▽
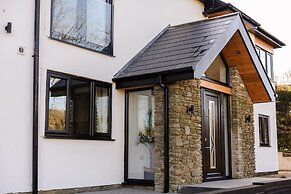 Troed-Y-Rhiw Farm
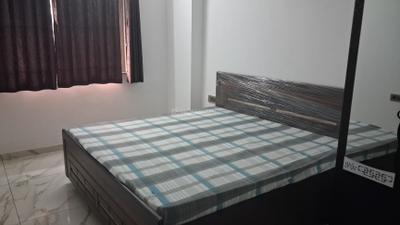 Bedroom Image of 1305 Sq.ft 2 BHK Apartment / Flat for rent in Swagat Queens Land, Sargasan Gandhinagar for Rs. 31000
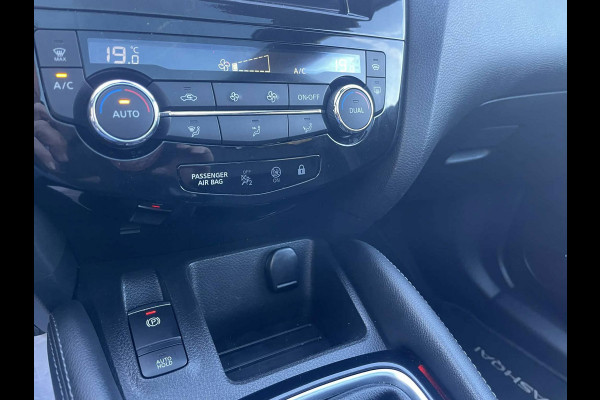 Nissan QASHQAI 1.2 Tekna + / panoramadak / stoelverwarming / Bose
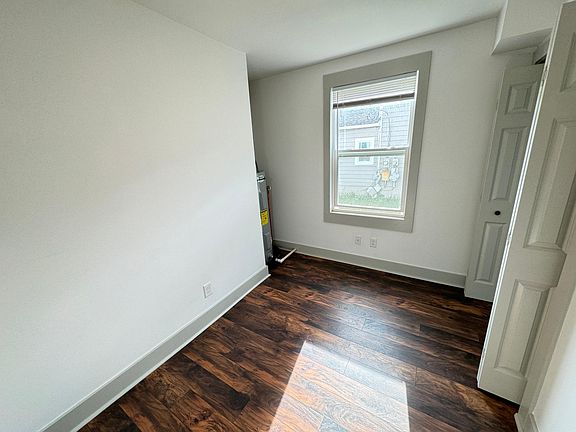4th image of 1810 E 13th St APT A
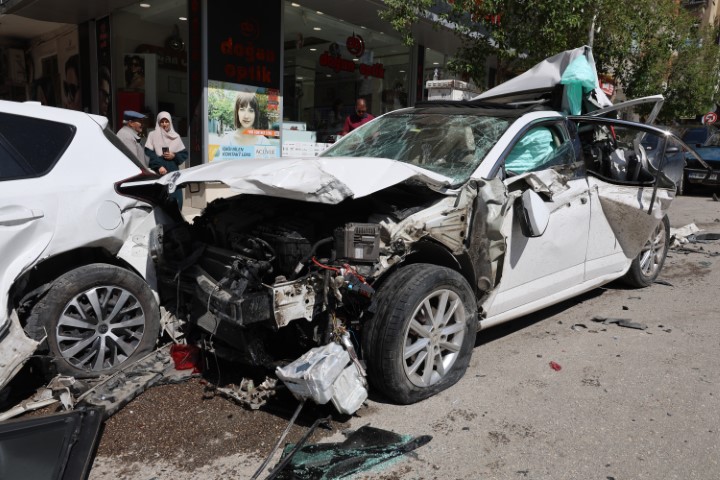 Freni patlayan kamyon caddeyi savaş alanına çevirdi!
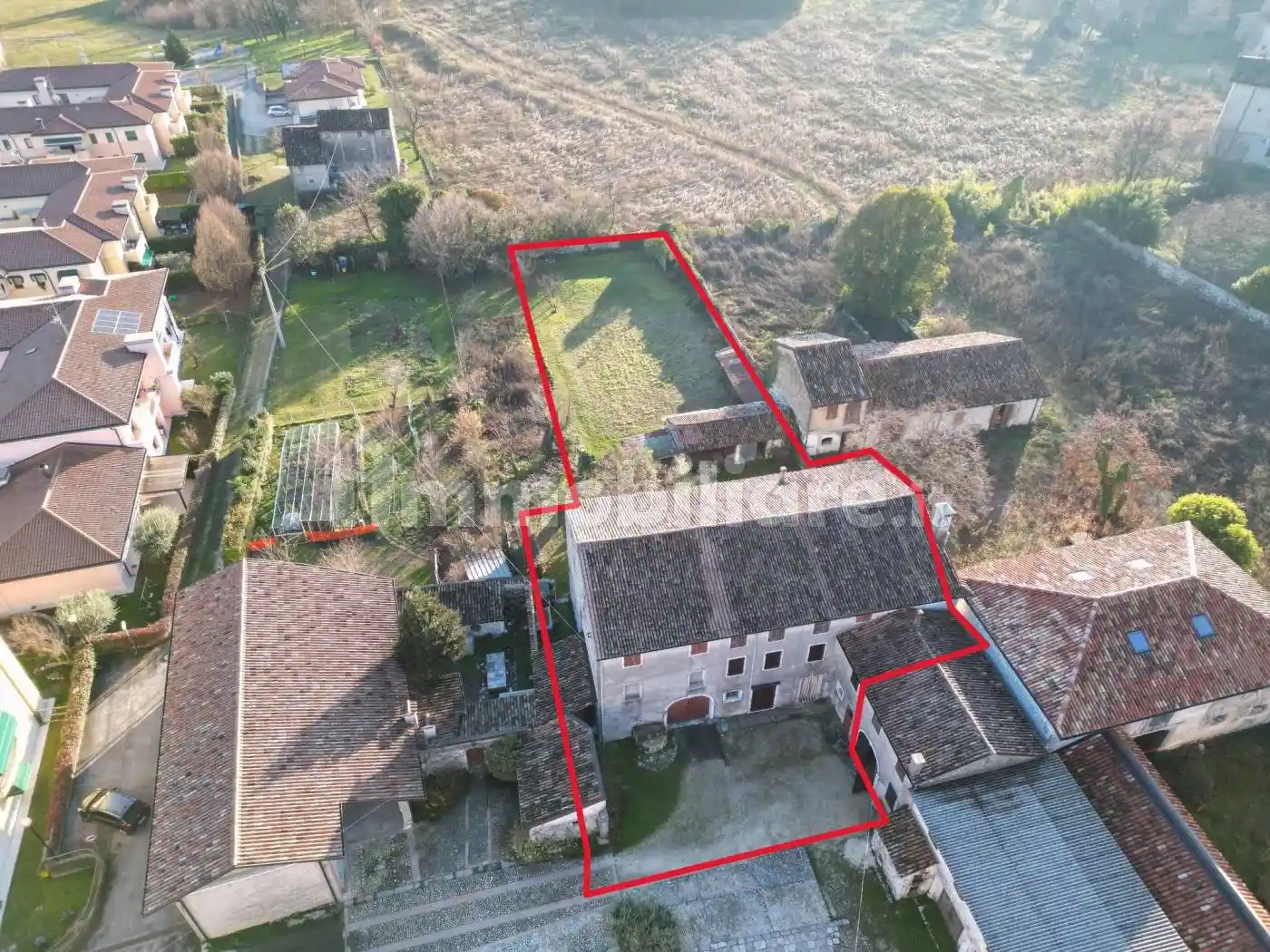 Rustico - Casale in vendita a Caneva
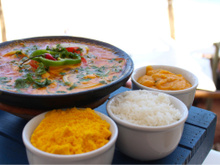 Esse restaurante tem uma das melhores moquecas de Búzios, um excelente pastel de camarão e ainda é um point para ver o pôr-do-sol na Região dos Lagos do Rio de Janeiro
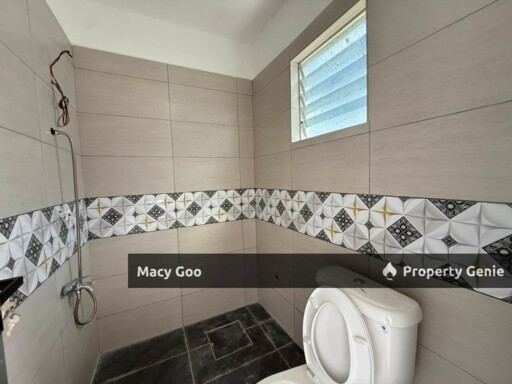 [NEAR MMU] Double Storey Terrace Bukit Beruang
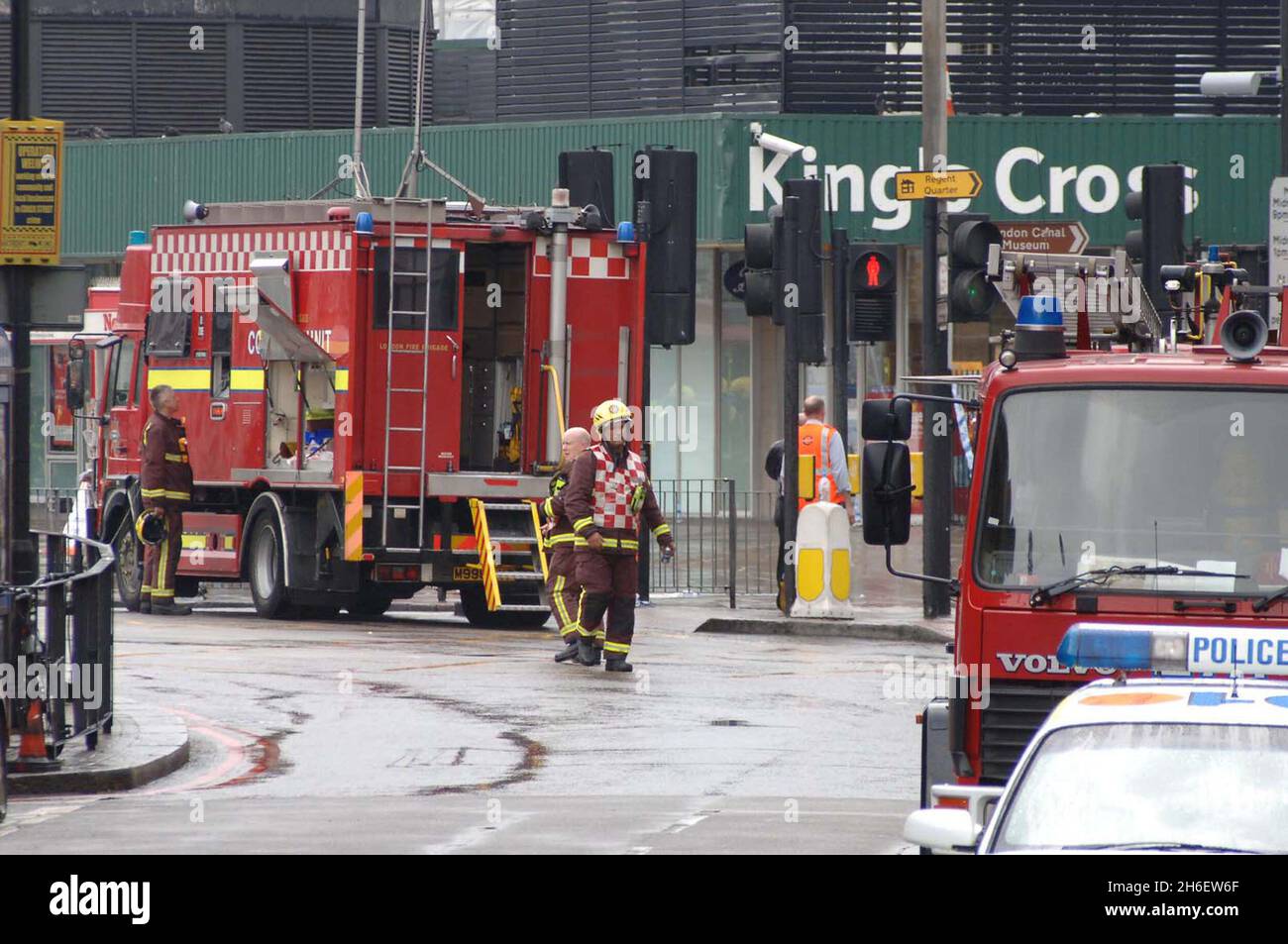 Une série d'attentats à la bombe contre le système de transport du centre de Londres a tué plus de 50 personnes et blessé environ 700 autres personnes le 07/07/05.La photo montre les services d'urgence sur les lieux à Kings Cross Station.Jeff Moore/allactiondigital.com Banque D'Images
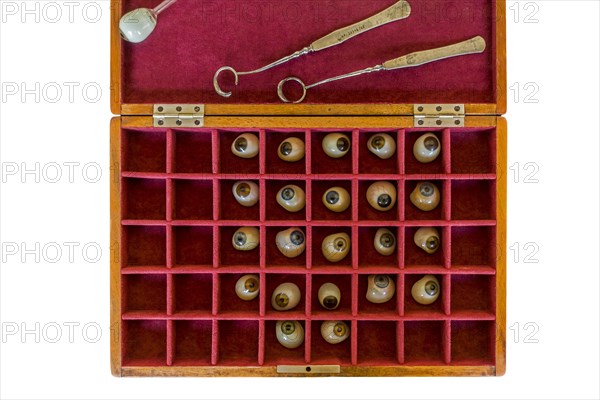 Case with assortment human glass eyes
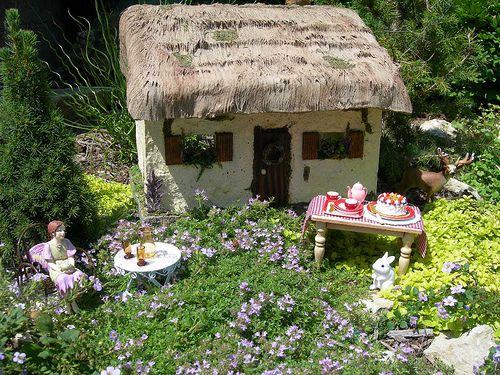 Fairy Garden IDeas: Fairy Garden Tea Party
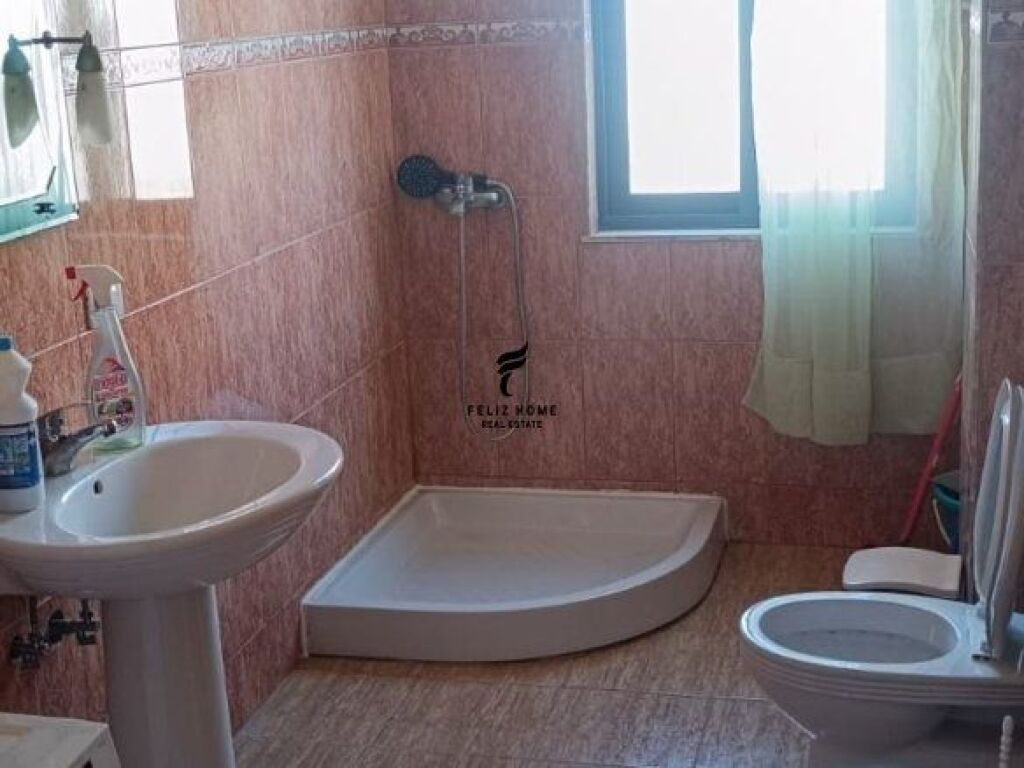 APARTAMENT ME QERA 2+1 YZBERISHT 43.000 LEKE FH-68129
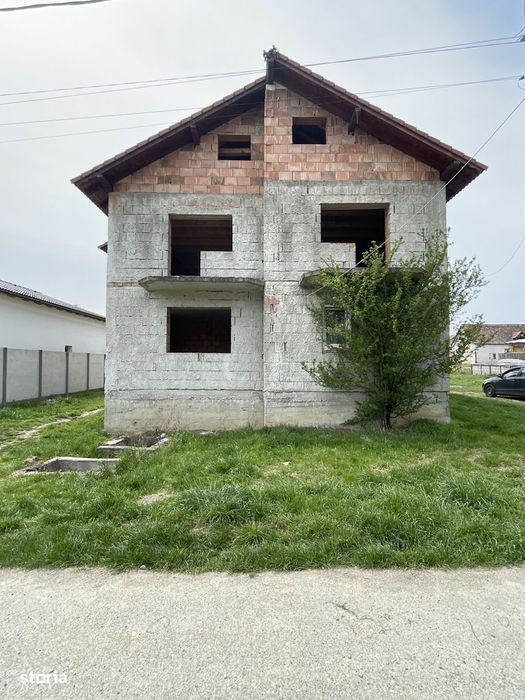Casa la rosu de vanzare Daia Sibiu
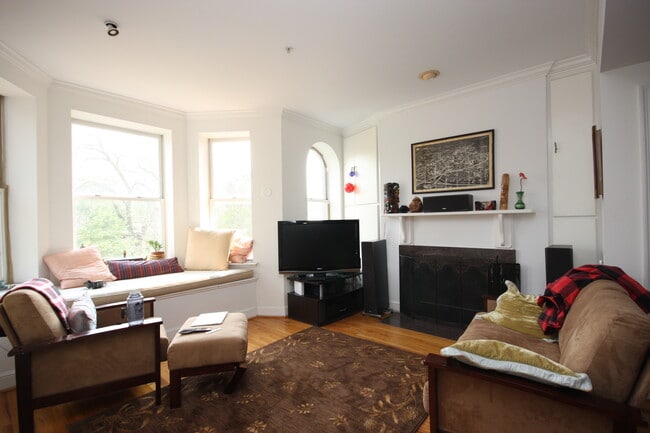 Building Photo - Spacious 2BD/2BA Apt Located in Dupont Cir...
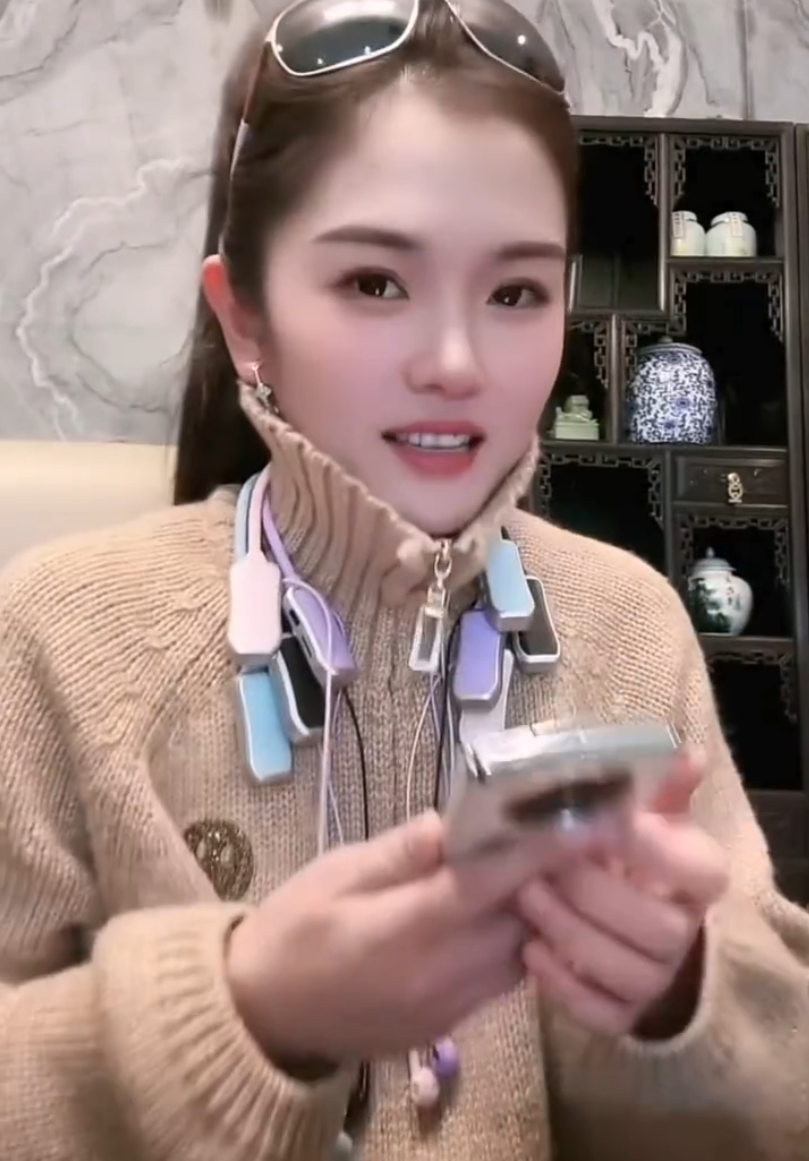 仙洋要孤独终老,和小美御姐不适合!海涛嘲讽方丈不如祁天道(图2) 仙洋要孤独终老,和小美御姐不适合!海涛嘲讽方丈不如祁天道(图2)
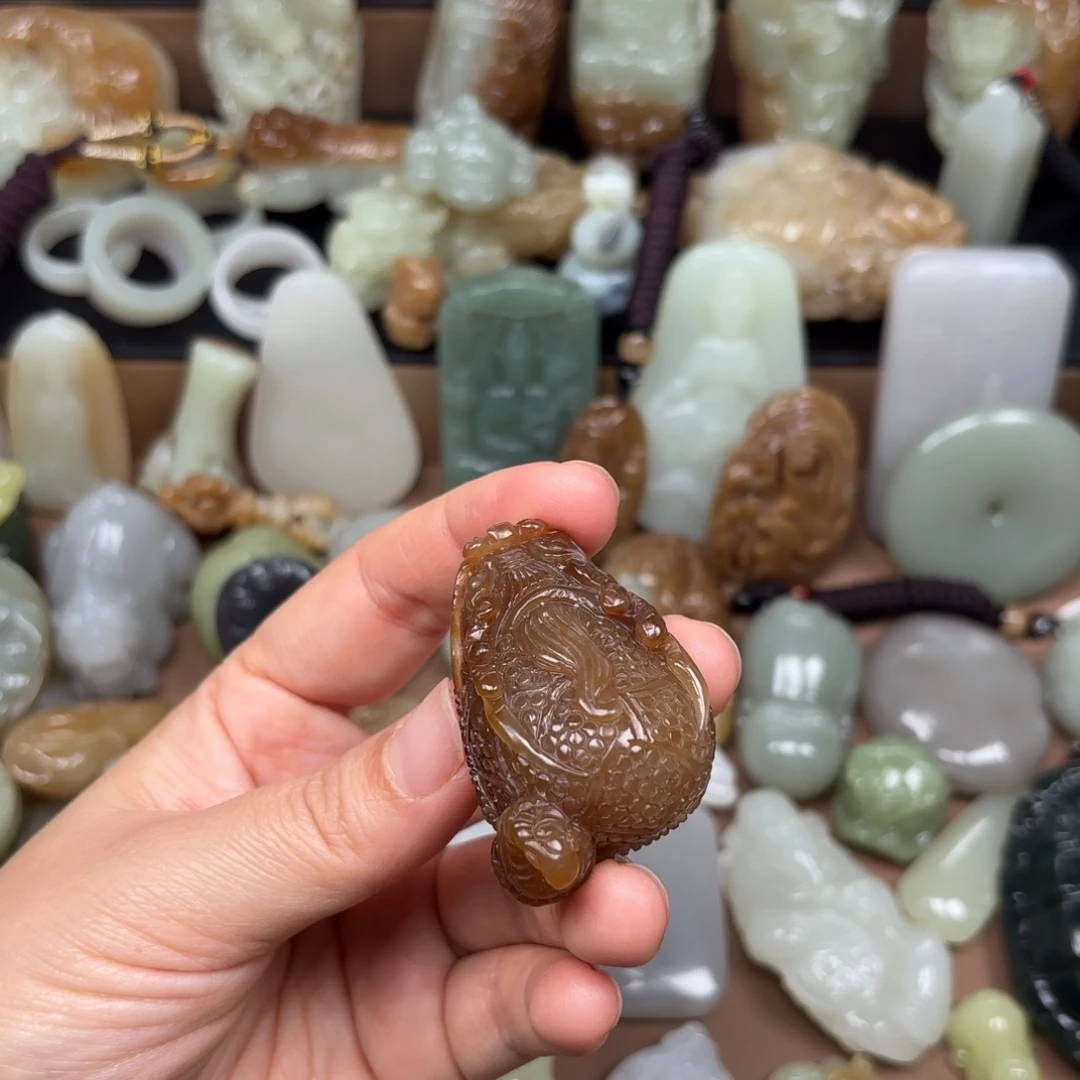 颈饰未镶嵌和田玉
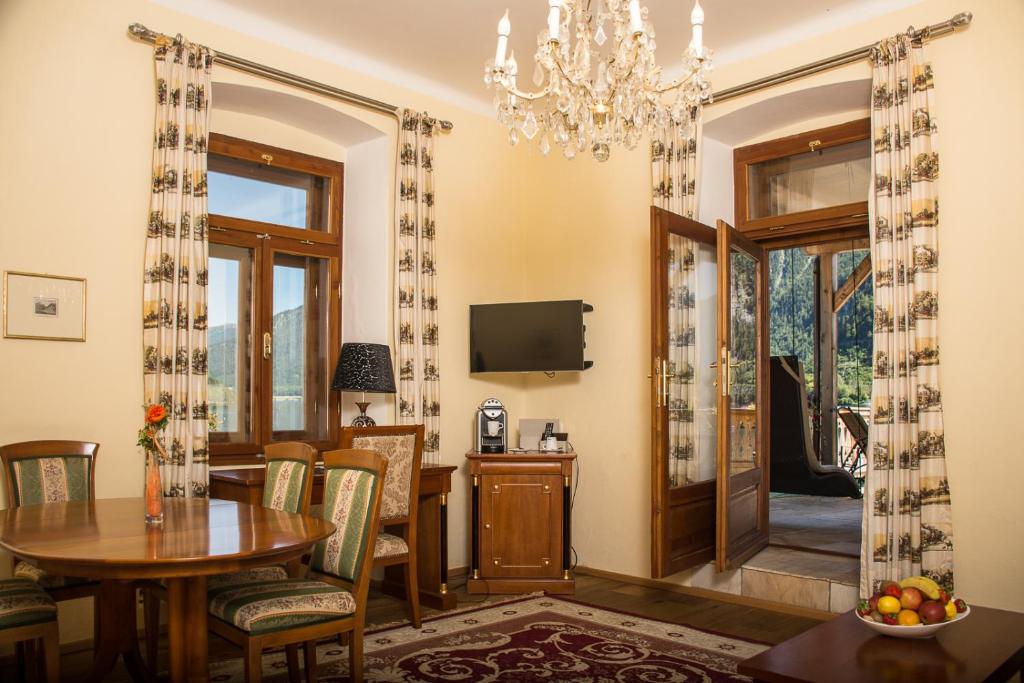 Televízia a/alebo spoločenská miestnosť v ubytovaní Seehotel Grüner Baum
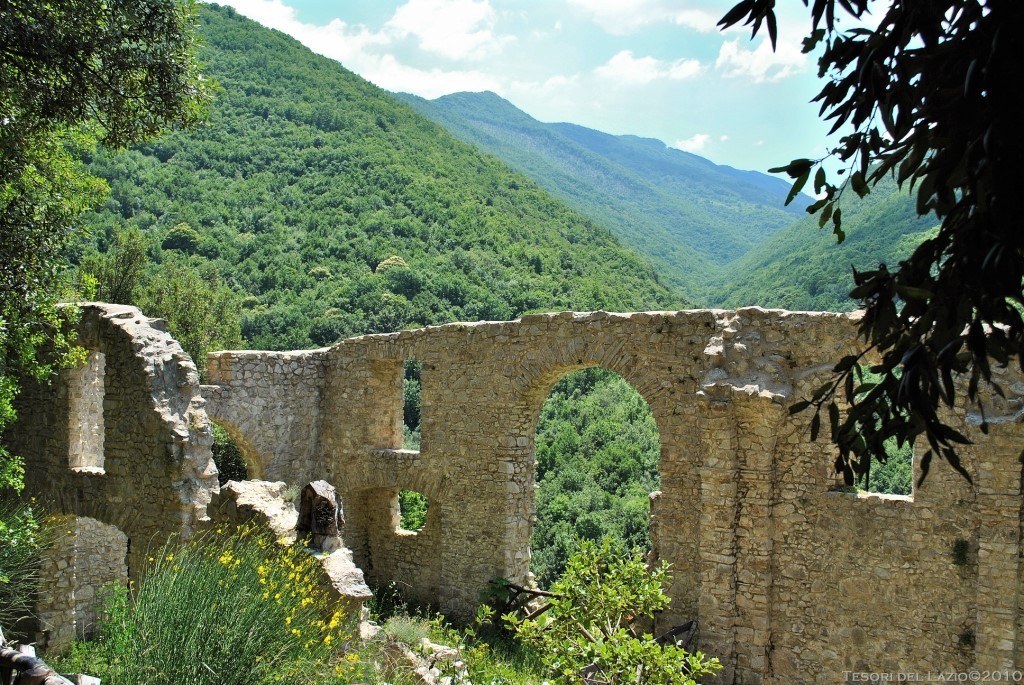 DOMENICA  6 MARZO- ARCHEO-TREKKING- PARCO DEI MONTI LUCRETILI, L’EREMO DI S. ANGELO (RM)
△
_The problem_.
Nothing but the lines from the one containing "Building Photo - Spacious" to the last line of the records should be returned, exactly as they appear and without pictures.

_Result of the task_.
 Building Photo - Spacious 2BD/2BA Apt Located in Dupont Cir...
 仙洋要孤独终老,和小美御姐不适合!海涛嘲讽方丈不如祁天道(图2) 仙洋要孤独终老,和小美御姐不适合!海涛嘲讽方丈不如祁天道(图2)
 颈饰未镶嵌和田玉
 Televízia a/alebo spoločenská miestnosť v ubytovaní Seehotel Grüner Baum
 DOMENICA  6 MARZO- ARCHEO-TREKKING- PARCO DEI MONTI LUCRETILI, L’EREMO DI S. ANGELO (RM)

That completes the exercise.